Donald Thomas Regan (December 21, 1918 – June 10, 2003) was the 66th United States Secretary of the Treasury from 1981 to 1985 and the White House Chief of Staff from 1985 to 1987 under Ronald Reagan. In the Reagan administration, he advocated "Reaganomics" and tax cuts as a means to create jobs and to stimulate production.

Earlier in his life, he had studied at Harvard University before he served in the United States Marine Corps, achieving the rank of lieutenant colonel.

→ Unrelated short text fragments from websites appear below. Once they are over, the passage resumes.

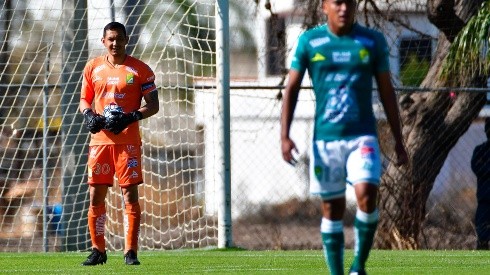 Cota apareció como titular con la Sub-20 frente a Chivas por lo que no estaría de inicio en el Estadio Nou Camp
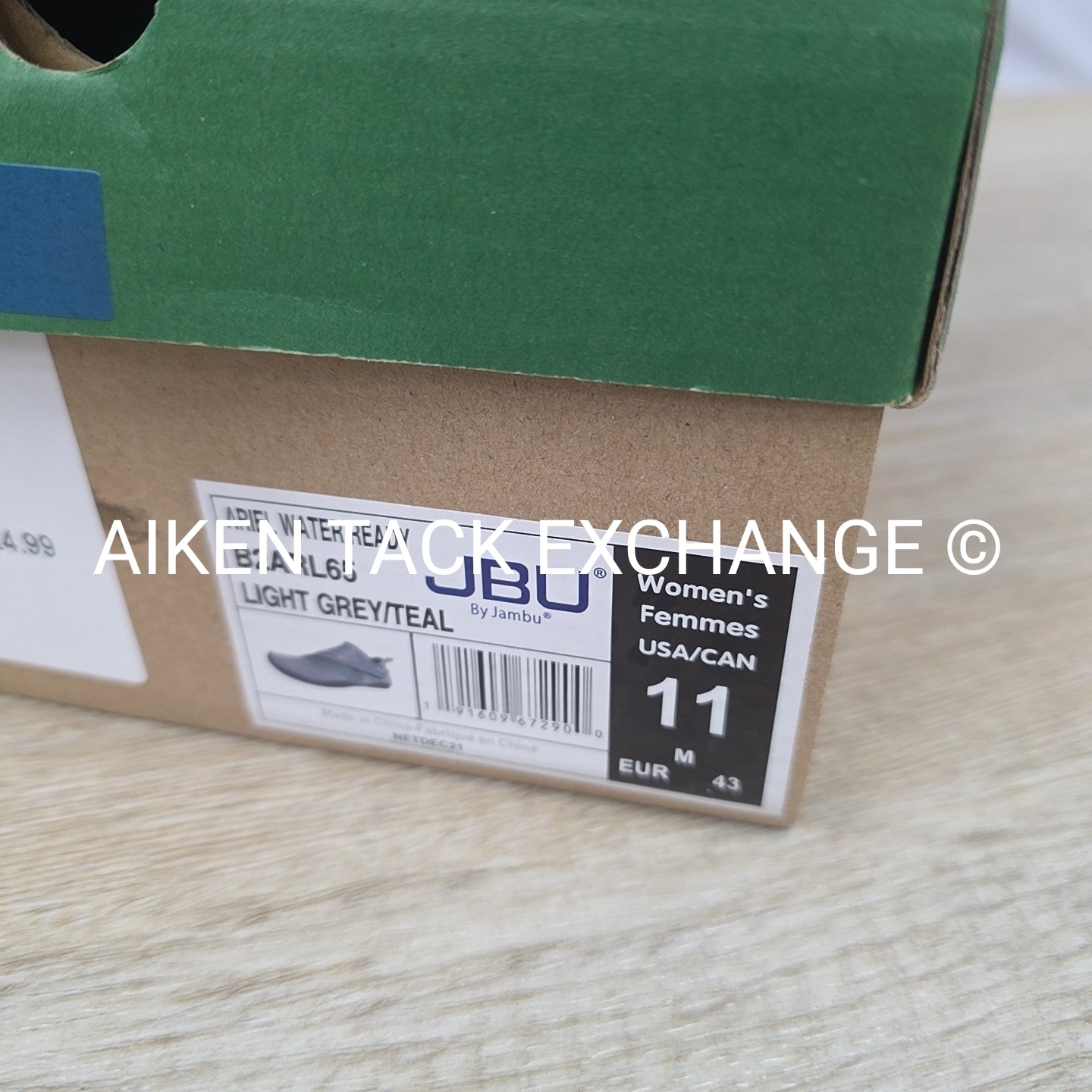 JBU by Jambu Ariel Water Ready Shoes, Women's 11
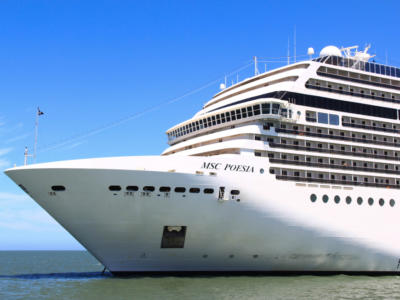 Crociere, in Groenlandia con MSC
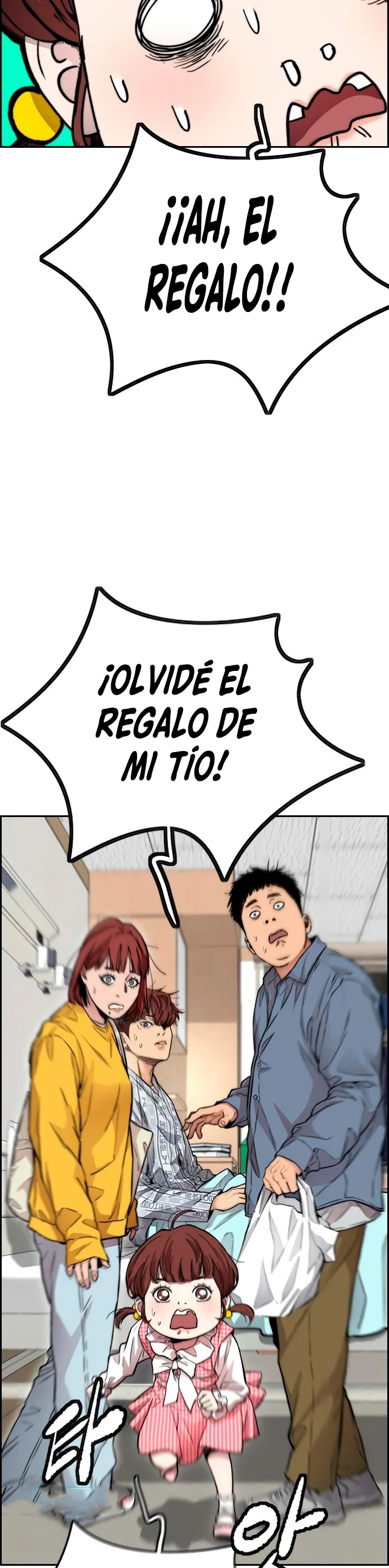 Read Wind Breaker Manhwa Español Manga Online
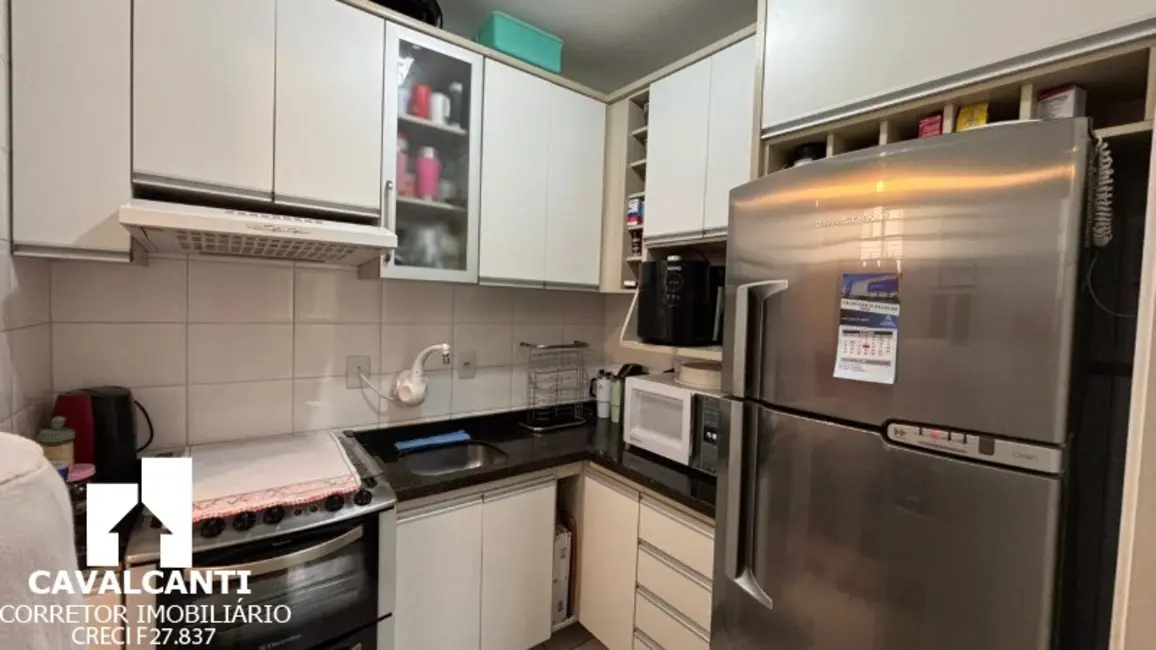 Foto 4 de Apartamento com 2 quartos à venda, 48m2 em Iná, Sao Jose Dos Pinhais - PR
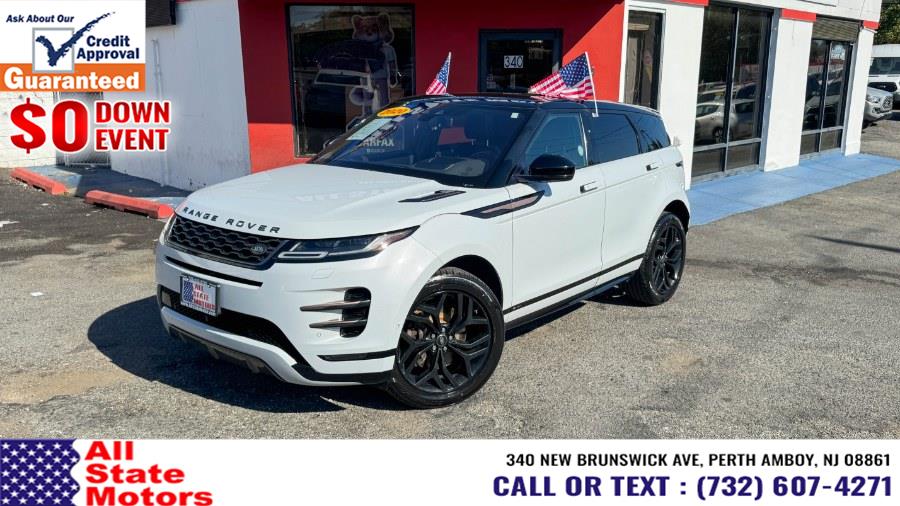 Used 2020 Land Rover Range Rover Evoque in Perth Amboy, New Jersey | All State Motor Inc. Perth Amboy, New Jersey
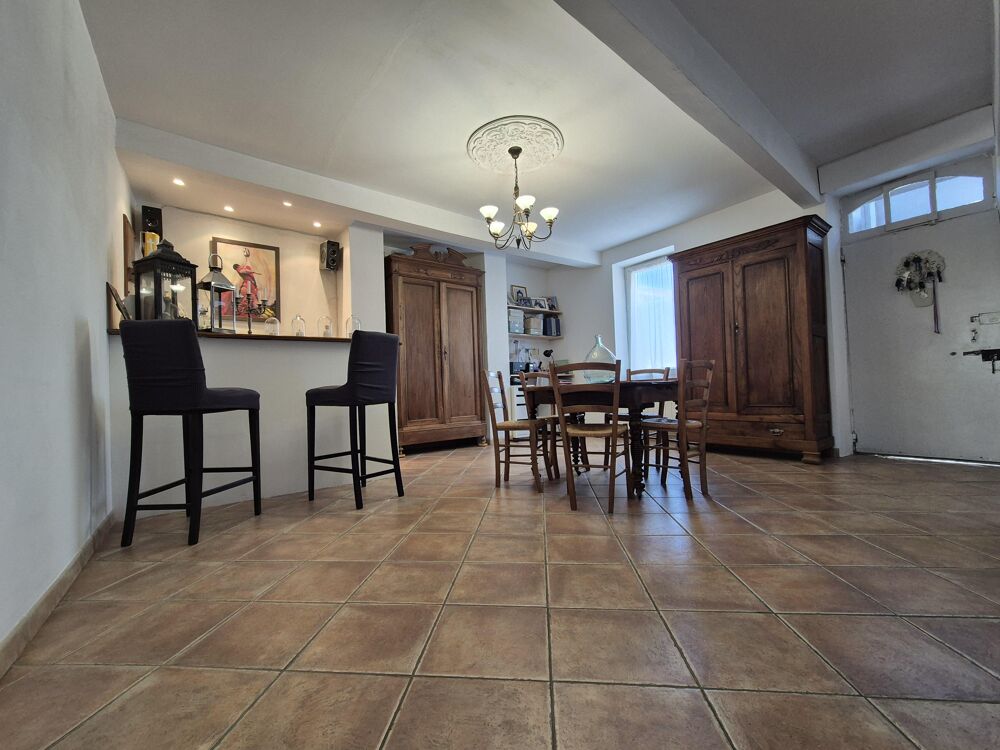 Vente Maison Maison de ville 4 pièces Saint-juéry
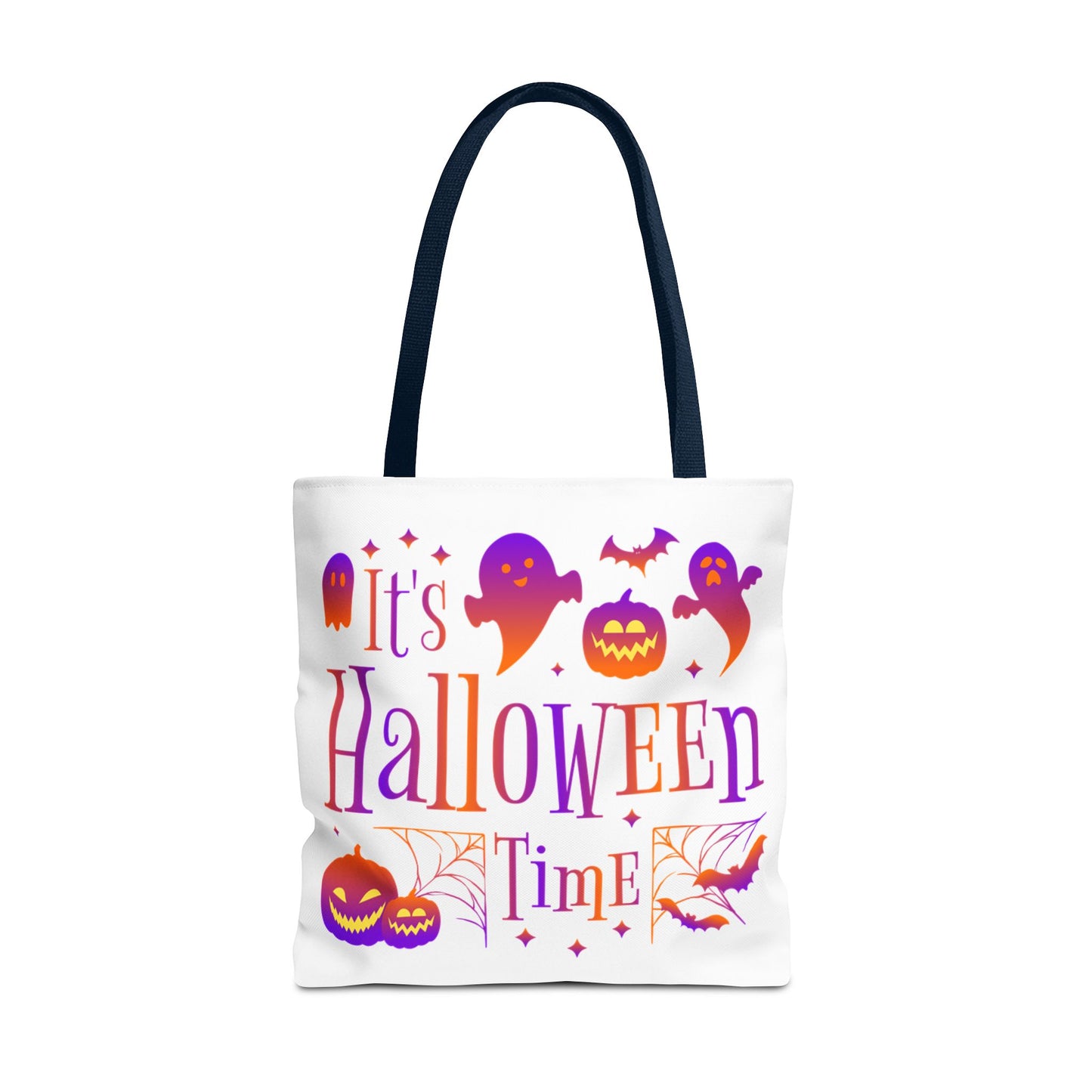 It's Halloween Time  Tote Bag (AOP)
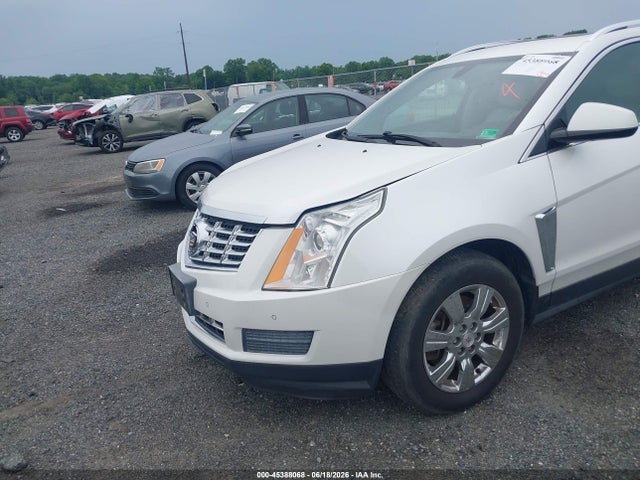 45388068 :رقم المزاد ، 3GYFNBE32ES662098 vin ، 2014 Cadillac Srx Luxury Collection مزاد بيع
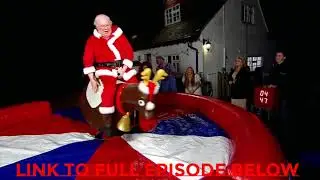 Come Dine With Me Colin Baker Clip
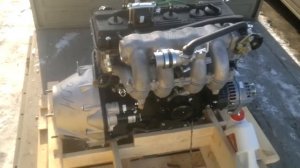 Двигатель ЗМЗ 405.22 на ГАЗель (Евро 2)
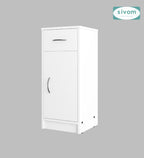 Sivom SIVOM Nest Multipurpose Storage Unit/ Engineered Wood Free Standing Cabinet for Modern Homes | Elegant Design & Premium Finish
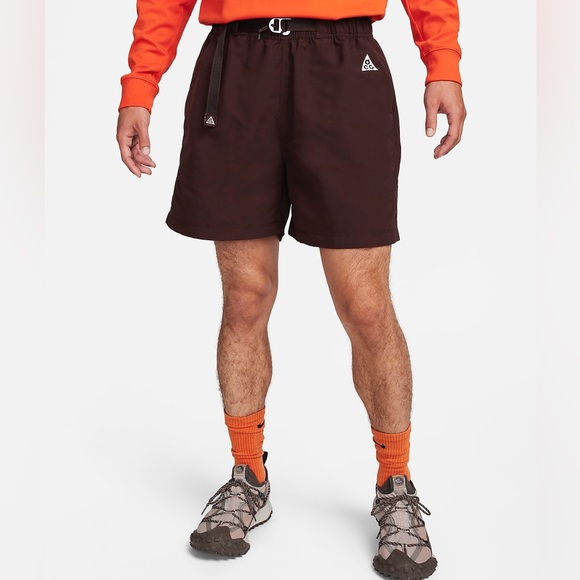 Nike ACG Other - NIKE ACG TRAIL SHORTS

In 1946 he started to work for Merrill Lynch. He served as its chairman and CEO from 1971 to 1980.

Early life
Born in Cambridge, Massachusetts, the son of Kathleen (née Ahearn) and William Francis Regan, he was of Irish Catholic origins. Regan earned his Bachelor of Arts in English from Harvard College in 1940 and attended Harvard Law School before dropping out to join the Marine Corps at the outset of World War II.

He reached the rank of lieutenant colonel while he was serving in the Pacific Theater. He was involved in five major campaigns, including Guadalcanal and Okinawa.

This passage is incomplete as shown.